Em reunião geral, o Instituto Superior Miguel Torga decidiu que, apresentada a proposta de Estatutos, deve haver um período de reflexão estudo e proposição, para que se chegue ao final com a situação bem resolvida.

Foto: Erica Tavares (2013)

Como foi ontem adiantado pelo SPRC, qualquer decisão precipitada poderia ser a pior possível, pelo que, depois de diversas intervenções em que se recomendou o bom senso de não se tomarem decisões precipitadas, se optou por garantir um período de reflexão e estudo sobre outras hipóteses de trabalho.

Em causa, para além do prestígio da instituição e a garantia de futuro académico para todos os estudantes inscritos, estarão sempre, obviamente, as situações profissionais de pessoal docente e não docente, mas também os encargos com a dívida que existe, nomeadamente, em relação aos trabalhadores, que têm sido o suporte primeiro do trabalho que há 81 anos vem sendo realizado.

O SPRC, como sempre, continuará a acompanhar este processo e não hesitará em intervir, apesar da inexistência de quaisquer reuniões, há muito pedidas, quer à direcção do ISMT, quer à CIM-Centro.

Tudo o que tem a ver com a Educação e o Ensino, tem a ver com os docentes. E tudo o que tem a ver com os docentes, deve ser responsabilidade primeira do SPRC.


NOTA EMITIDA ANTERIORMENTE

Futuro do Instituto Superior Miguel Torga pode ser resolvido, hoje, sob pressão

Professores, funcionários e alunos instados a concordar com a constituição de uma associação sem fins lucrativos para resolver o problema da titularidade do alvará da instituição para impedir a perda de estatuto de utilidade pública.

Apesar de ser há largos meses sobejamente conhecido o imbróglio quanto à transição da titularidade do alvará do Instituto Superior Miguel Torga, só hoje, apertado pelos prazos da avaliação externa da instituição, a direcção realiza, com professores, funcionários não docentes e alunos, uma reunião para decidir o futuro da nova entidade instituidora.

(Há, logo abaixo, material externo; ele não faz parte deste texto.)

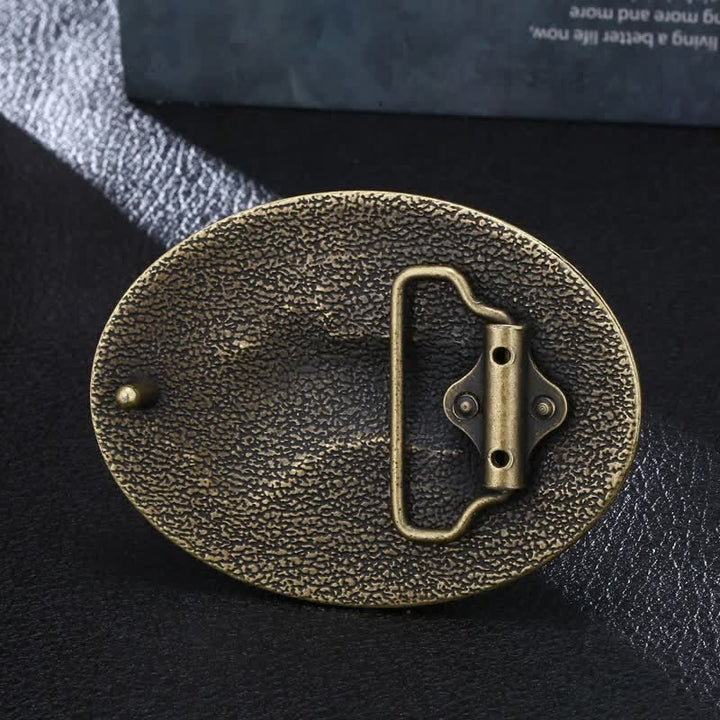 Cintura in pelle fai da te con fibbia della bandiera americana a forma di cervo e alce da uomo - image 4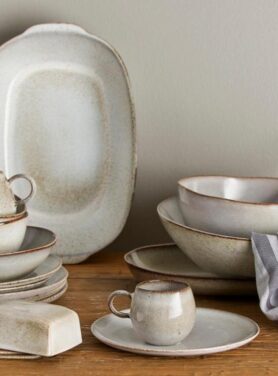 Aardewerk Cup Bloomingville Beige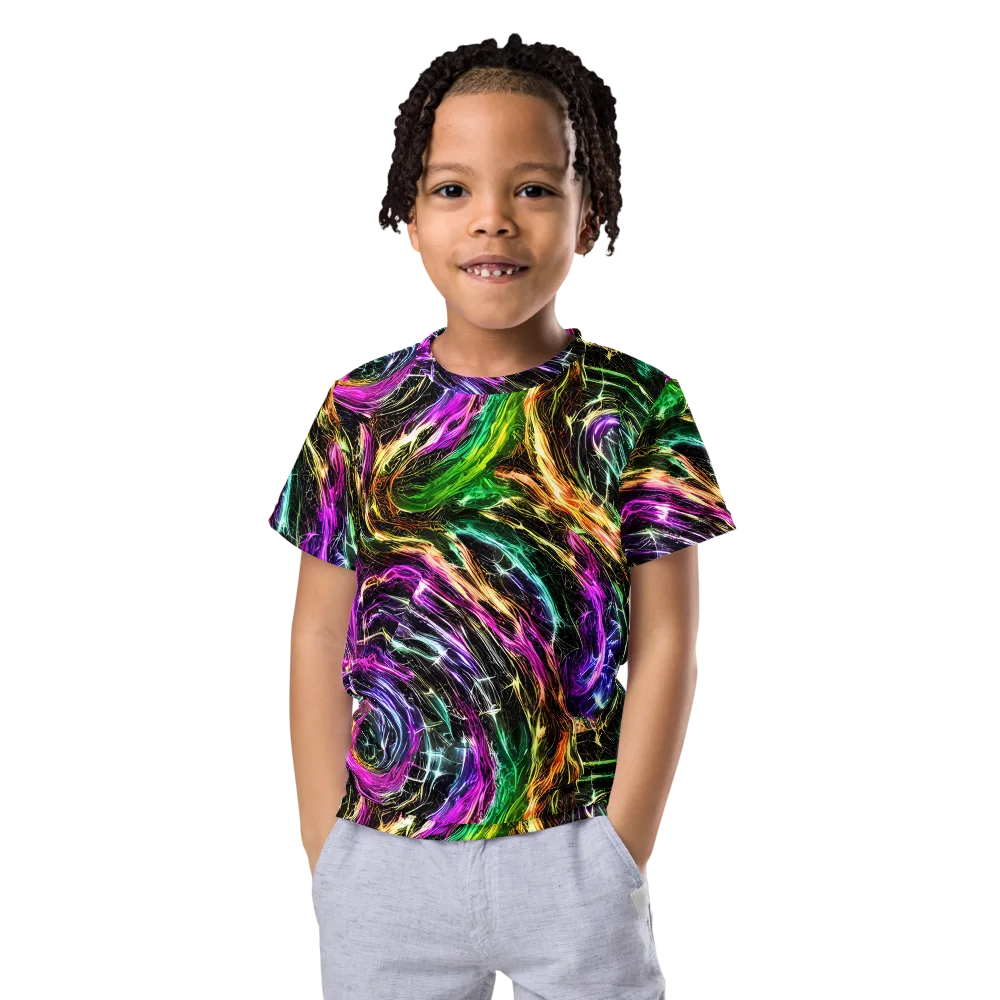 Liquid Riot on Kids Crew Neck T-Shirt — Front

Como é do conhecimento público a CIM-Centro não pode assumir legalmente a titularidade do ISMT e a solução apresentada para ultrapassar este impasse é a da constituição de uma associação, composta pelos agora convocados a decidir, que assumirá a nova titularidade, mas também as dívidas existentes para com funcionários e professores. De há seis anos para cá, a direcção vem procedendo a cortes na remuneração a título de empréstimo para fazer face a dificuldades orçamentais. Do montante que deve ascender a dezenas de milhar de euros não se ouve uma palavra como se tivesse sido apagado das preocupações da direcção do ISMT e da CIM.

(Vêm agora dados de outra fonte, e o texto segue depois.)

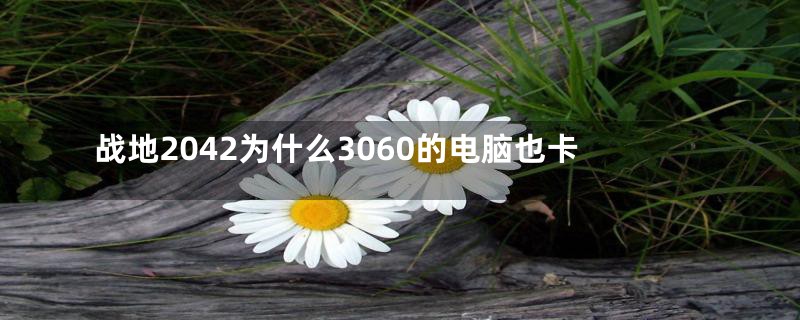 战地2042为什么3060的电脑也卡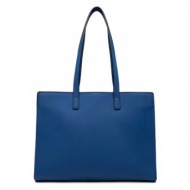 τσάντα nobo nbag-n1180-c013 σκούρο μπλε απομίμηση δέρματος/-απομίμηση δέρματος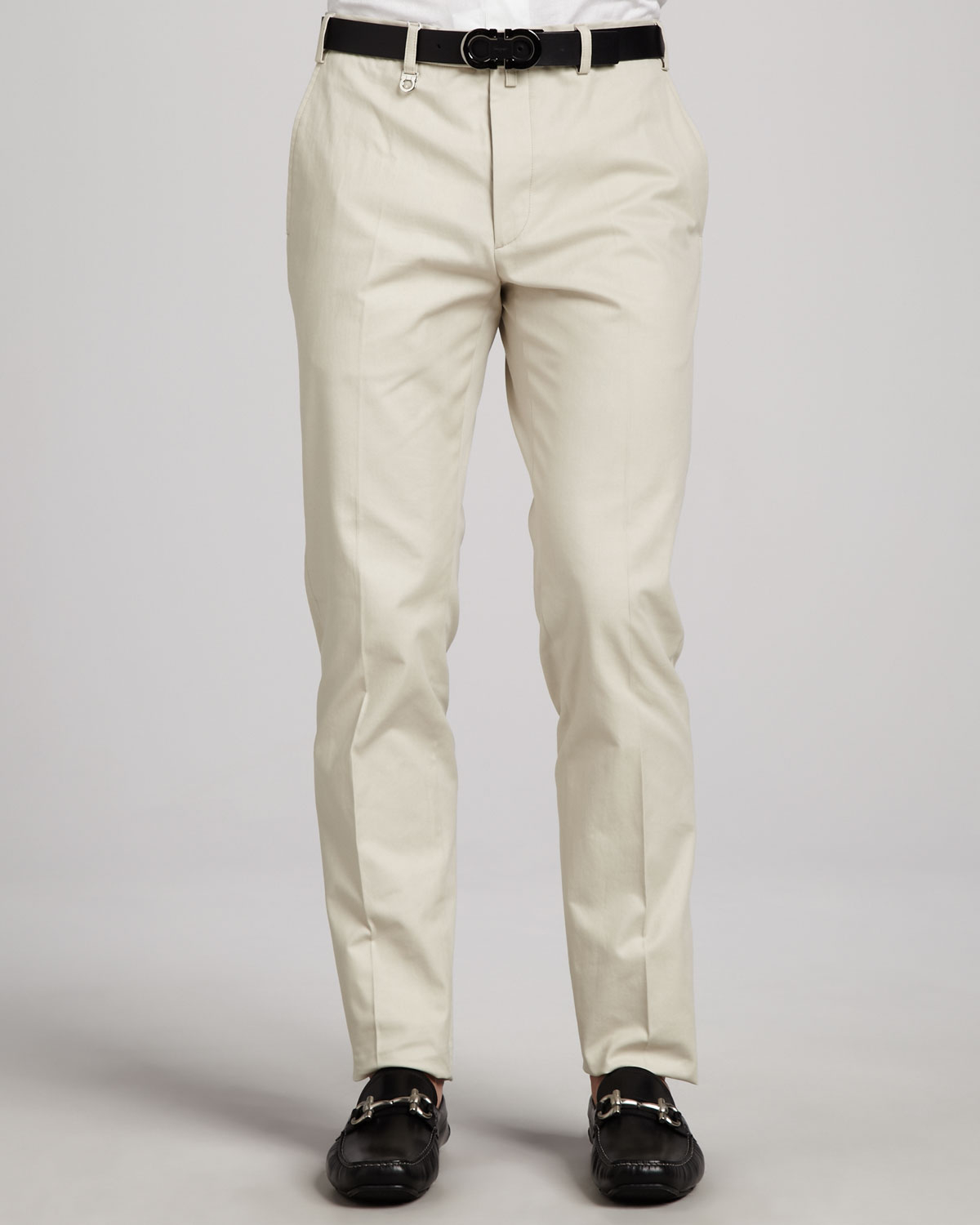 Ferragamo Cotton Gabardine Pants Light Khaki in Beige for Men (SAND) | Lyst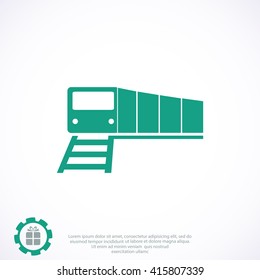 train vector icon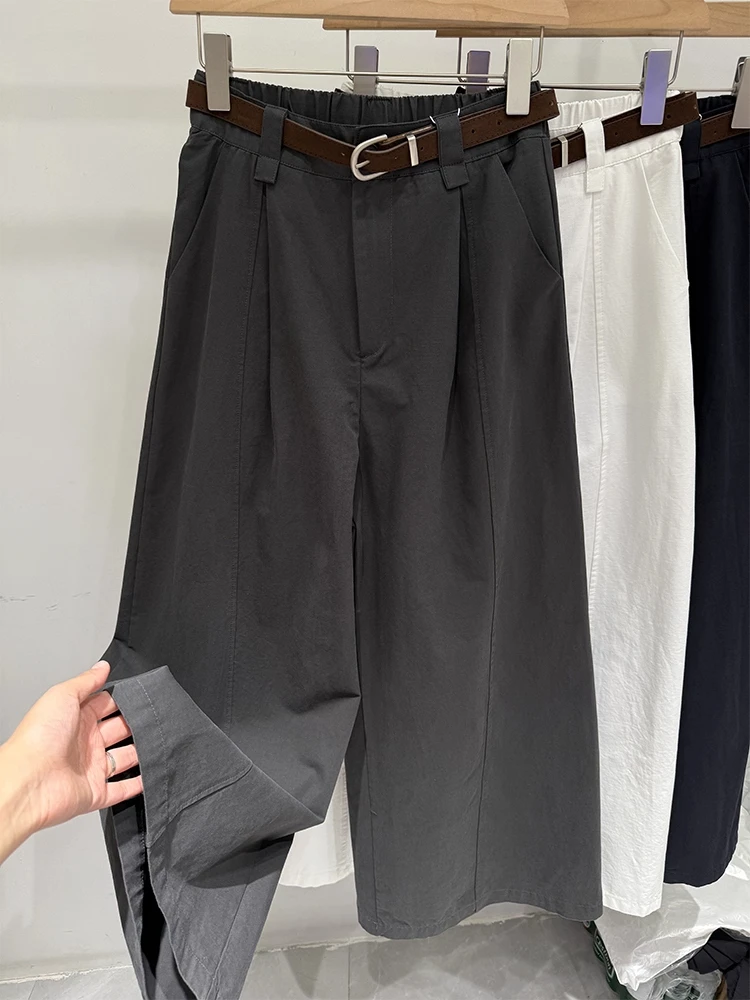 

Loose Straight Leg Pants Wide Leg Casual Trousers Men Women Slimming Hip Covering SPTTAX Brand Faionable Autumn New Arrival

Porém, a decisão será tomada hoje, a avaliar pela prática dos últimos anos em situações do género, com plenários gerais ou por sectores (conforme o interesse da equipa de Carlos Amaral Dias) a decidirem sob pressão, a mais das vezes em prejuízo dos próprios trabalhadores, reduzir salários, cortar subsídios, bloquear desenvolvimento das carreiras, etc, tudo sob o argumento do “ou é assim ou corremos o risco de fechar a porta”.

Mais uma vez fica a dúvida sobre a legalidade e a legitimidade da assembleia que hoje se realiza se a mesma tiver de votar qualquer decisão, pois a convocatória emitida não faz qualquer referência a tal, apenas se limita a dizer que é seu objectivo “apresentar a proposta de criação de uma associação, sem fins lucrativos”.

O futuro de tão importante instituição de ensino superior, seguramente a privada de maior dimensão na região centro, com provas dadas pelo excelente trabalho desenvolvido pelos seus profissionais, conquistou um crédito que não se coaduna com sucessivos erros de má gestão, também ensombrada pelos eventuais efeitos “de um processo judicial, em curso, que envolve vários quadros do ISMT, incluindo o diretor e a vice-presidente do conselho diretivo, respetivamente, Carlos Amaral Dias e Cristina Quintas” (“As Beiras”, edição de hoje). Segundo o Campeão das Províncias também noticiou, Carlos Amaral Dias e outros sete funcionários e professores são acusados, “pelo Ministério Público, por co-autoria material de fraude na obtenção de subsídio ou de subvenção”, bem como, “de crime de falsificação de documento”.

O SPRC, desde 2015, tem procurado reunir com a CIM-Centro, tendo em conta esta e outras matérias que deveriam ter tido uma intervenção mais célere, designadamente quanto a processos de despedimento a que alguns trabalhadores foram sujeitos, mas nunca houve qualquer resposta.